My meeting with Henry Waxman (thanks, Eldad)

Disclaimer: I wrote the following a couple of hours after my encounter with Congressman Henry Waxman today. This is not verbatim, it is not a transcript, but it is my recollection of the conversation. I've kept in everything from our discussion as I remembered it - including the things I said that could have been much better.

It's not every day you see a Representative of the House outside of the coffee shop you're about to enter. Well, at least not one as recognizable as the liberal titan Henry Waxman. But there he was: talking on his phone on the street corner, only ten feet away from me.

Dear lord, I thought to myself.
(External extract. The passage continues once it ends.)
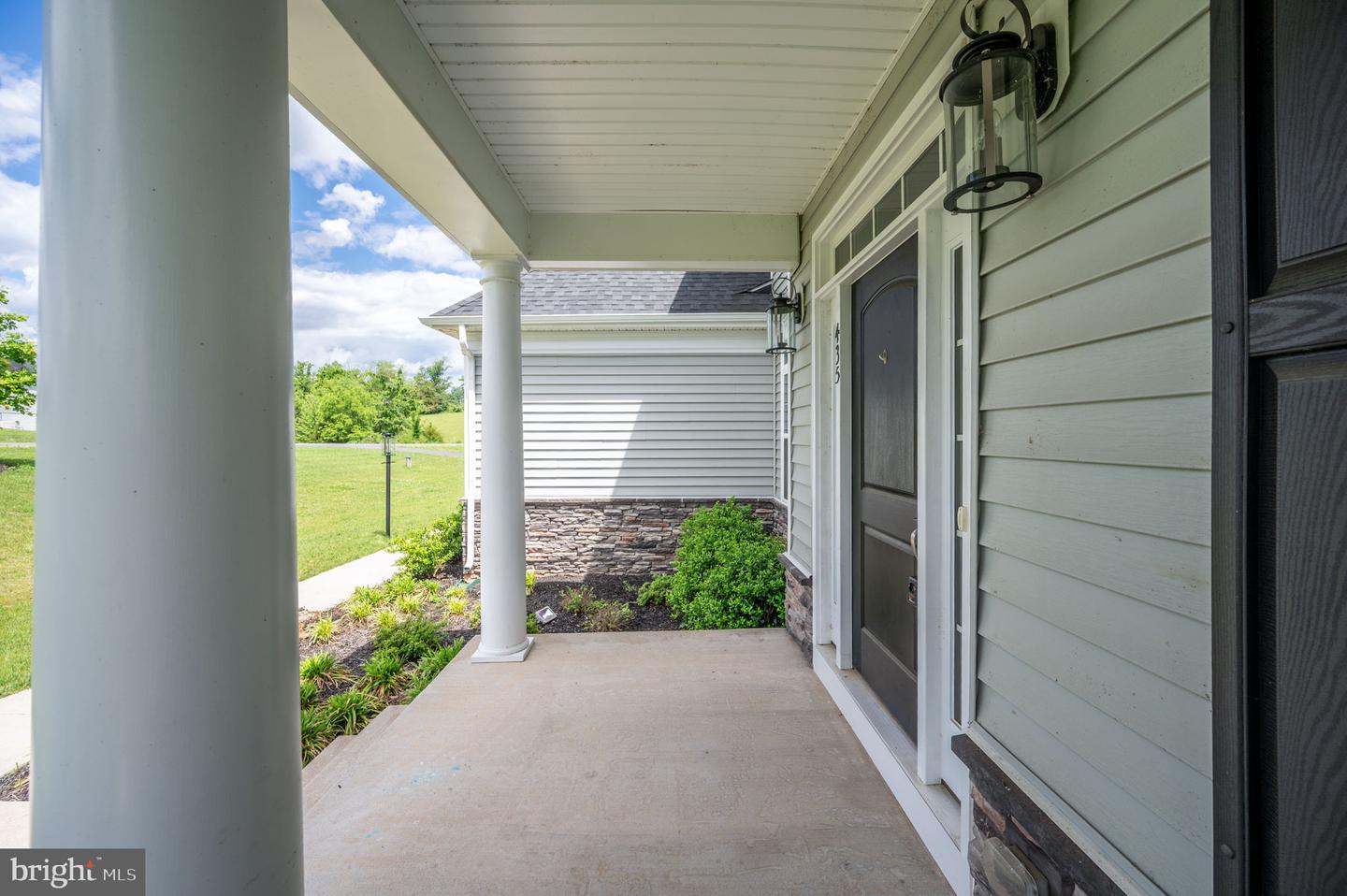 435 CONNELLY DR, FREDERICKSBURG, Virginia 22406, 5 Bedrooms Bedrooms, ,4 BathroomsBathrooms,Residential,For sale,435 CONNELLY DR,VAST2037120 MLS # VAST2037120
Should I say something to him? Should I say something about ending military aid to Israel, ending the wars in Iraq or Afghanistan? Oh god, I should, but I hate confrontations.

The congressman continued to walk around on his phone, talking to someone who was probably Very Important about a Seriously Important Subject. Should I say something?
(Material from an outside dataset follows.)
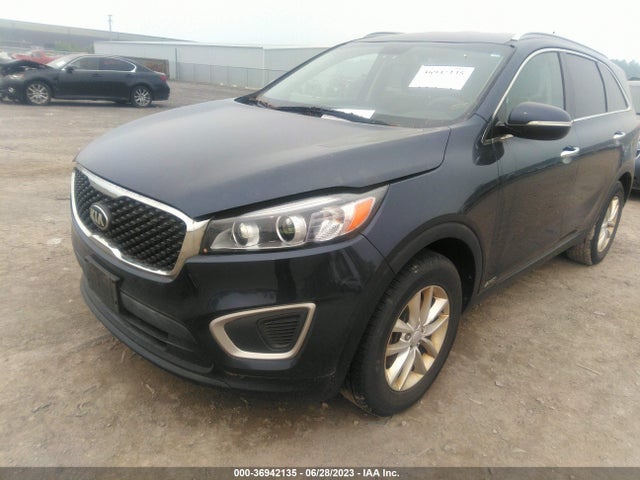 2016 KIA SORENTO LX VIN: 5XYPGDA38GG131384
Waxman went into a next door restaurant and sat down to eat with another man, someone I didn't recognize. Oh damn, there went my opportunity, I thought. I don't want to interrupt his lunch – that would be rude.

And I almost walked away. But then I thought: Our two wars and occupations are rude - they don't give a damn if they interrupt anyone's lunch. I'm never going to get this opportunity again. So I quickly contacted some friends and asked – what should I say to Henry Waxman? Several people told me: just tell him you're young, you're Jewish, and you're disappointed in the way congress has dealt with Israel and Palestine. Let the conversation go from there.

I waited around for a few minutes outside, deliberating with myself if I should spark what was sure to be a tense conversation in a crowded place. And just as I was about to chicken out – this was a Congressman, after all – I saw Mr. Waxman and his companion exit the restaurant, walking directly towards the car I was standing next to.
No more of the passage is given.